■ **Brief**
Reproduce exactly the span of lines beginning at the one with "Banana Republic Silk" and ending at the last line of the data below, omitting pictures.

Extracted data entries
=======
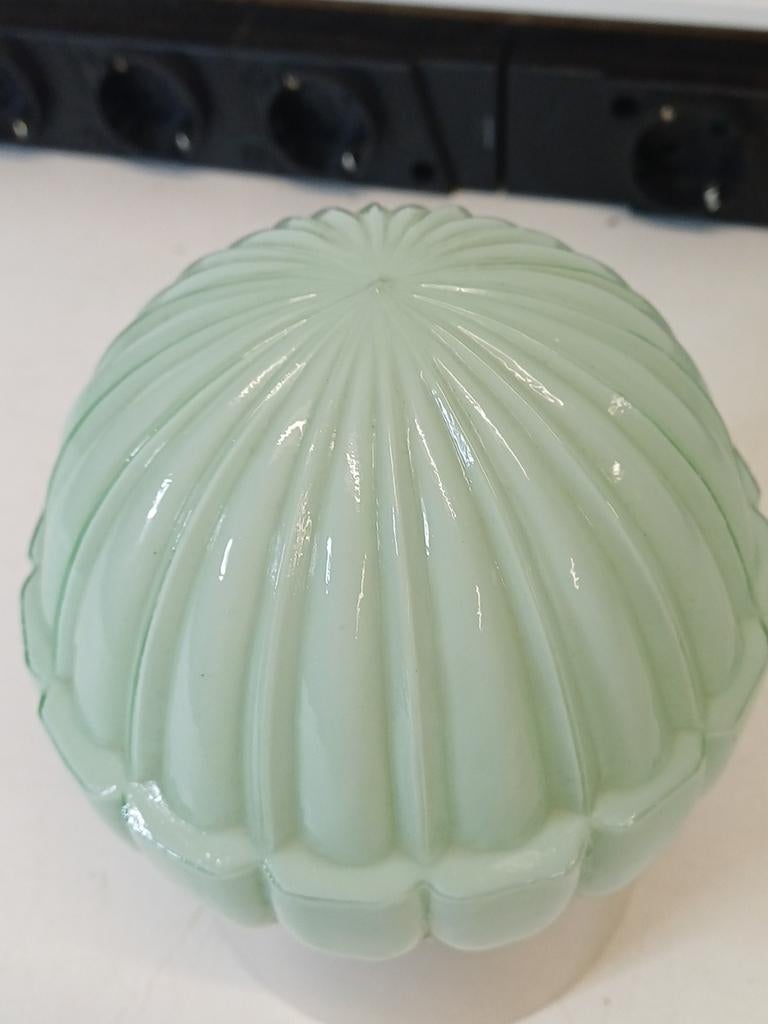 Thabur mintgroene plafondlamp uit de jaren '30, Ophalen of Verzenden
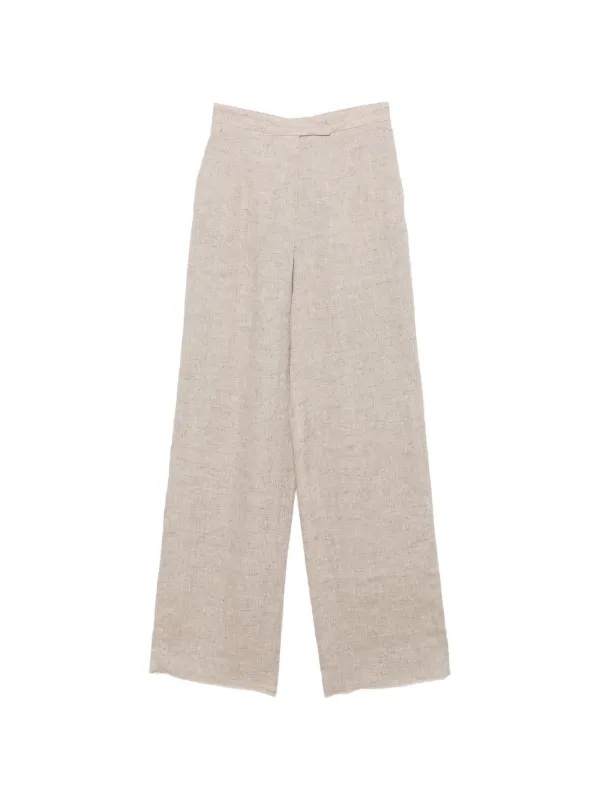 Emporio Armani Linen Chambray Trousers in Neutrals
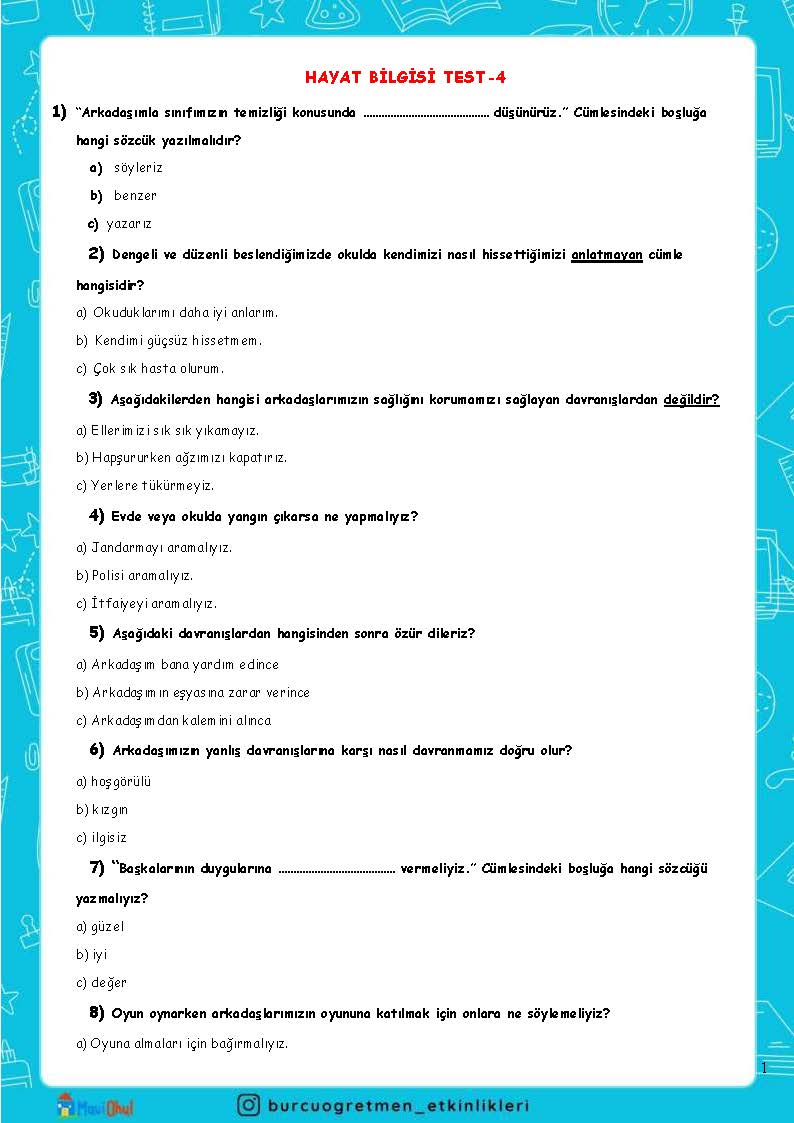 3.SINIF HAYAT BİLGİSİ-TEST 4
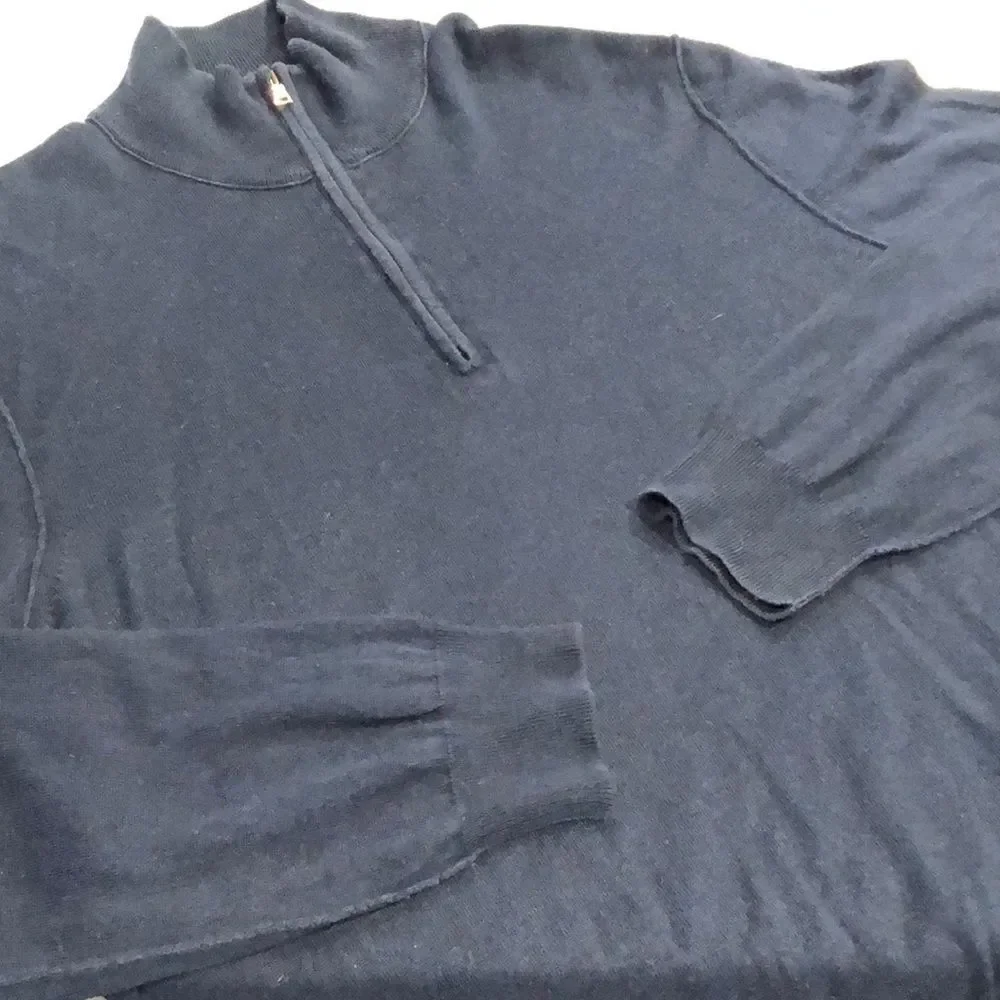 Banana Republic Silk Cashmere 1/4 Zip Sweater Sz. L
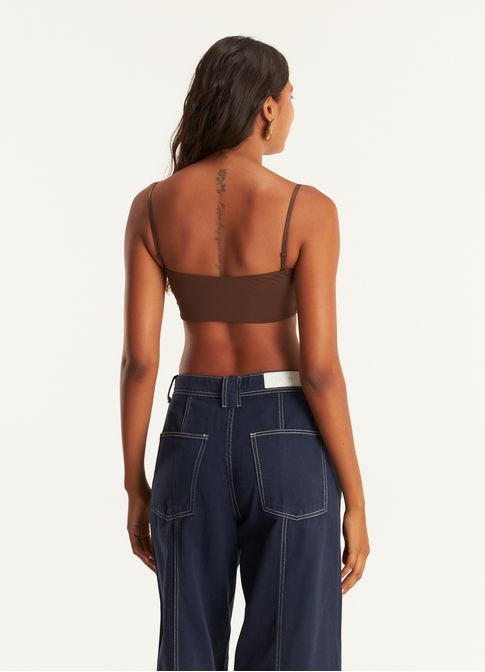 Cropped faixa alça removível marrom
=======
■ **Output of the task**
 Banana Republic Silk Cashmere 1/4 Zip Sweater Sz. L
 Cropped faixa alça removível marrom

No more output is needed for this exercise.